Nothing says hip-hop like French horns.
Only Kanye West could have pulled off a track like “All of the Lights,” possibly the most dense, ambitious and ridiculously over-the-top moment on My Beautiful Dark Twisted Fantasy—which also happens to be the most dense, ambitious, ridiculously over-the-top moment of both 2010 and West’s career.
From a production standpoint, “All of the Lights” is the very definition of “headphone worthy,” layering enough left-field sonics and instrumental texture for a ’70s prog rock suite. After the beautiful, blaring French horn intro (nearly militaristic in its urgent refrain), West and co-writer/producer Jeff Bhasker introduce a plethora of tricked-out sounds: buzzing synths, an orgy of soulful vocals, and a super trebly programmed snare that sounds like a ping pong ball bouncing off a brick wall in outer space.

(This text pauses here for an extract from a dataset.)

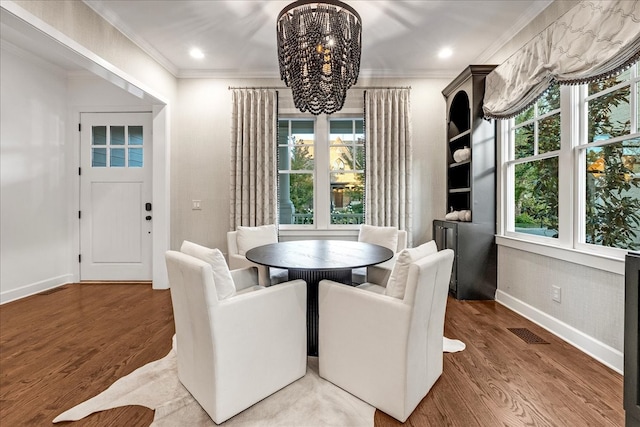 dining area with a notable chandelier, dark hardwood / wood-style floors, and crown molding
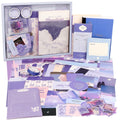 Aesthetic scrapbook kit contents including notebooks, stickers, washi tape, and decorative paper in shades of purple and blue.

Lyrically, West is apocalyptically serious, his grave images of spousal abuse and police chases somehow perfectly matching the maniacal mood of the music. Indeed, the “lights” of the song’s title aren’t just those of the night club—we’re talking “cop lights, flashlights, spotlights, strobe lights, street lights,” a recipe equal parts disorientation and ecstasy.
West and Bhasker have managed to create a window into the melted, frenetic psyche of a modern rap star. Everything about “All of the Lights” is ambiguous—when Rihanna, in her trademark sexy chorus, sings, “Turn up the lights in here, baby/ Extra bright, want you to see everything,” it’s unclear whether she’s making love or damning West with crucial evidence in the courtroom.
Then again, though, West has been the most ambiguous chameleon in pop culture the whole damn millennium. Some may lament the passing of West’s playful side—there are no cuddly bear mascots or Vanilla Sky references here. But in baring his soul, exposing his most private—hell, his most “beautiful, dark, twisted”—nerves, he’s never been more inescapably real. And there’s absolutely nothing ambiguous about that.